Bereits Anfang dieser Woche haben Landwirtschaftsorganisationen aus den drei Ostseeanrainerstaaten Estland, Lettland und Litauen die Europäische Kommission aufgefordert, die neue Gemeinsame Agrarpolitik (GAP) mit dem neuen Corona-Mega-Wiederaufbaufonds zu verknüpfen. Die baltischen Bauern sprechen sich dafür aus, den neuen Mehrjährigen Finanzrahmen (2021–2027) für eine kraftvolle und gerechte Erholung der EU-Wirtschaften nach der Corona-Pandemie zu nutzen, so die lettische Bauernorganisation Farmers ‘Assembly.

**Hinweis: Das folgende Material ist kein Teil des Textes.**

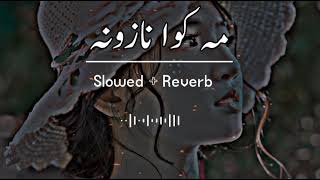 Makawa Nazona SlowedReverb Pashto Song  Sad Song  Lofi Song  New Song 2022 [upl. by Tertias]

Die baltischen Bauern sind der Ansicht, dass die Wiederaufbaumaßnahmen zudem endlich der seit Langem bestehenden Ungleichheit zwischen den EU-Bauern ein Ende setzen müssen. Sie weisen darauf hin, dass sie seit dem EU-Beitritt der drei Ostseeanrainerstaaten im Jahr 2004 die niedrigsten Direktzahlungen erhalten, etwa die Hälfte der durchschnittlichen Zahlungen an andere EU-Bauern. Diese Zahlungen basierten laut Briefverfassern auf fehlerhaften Berechnungen der Produktivität der baltischen Bauern, bevor diese der EU beitraten.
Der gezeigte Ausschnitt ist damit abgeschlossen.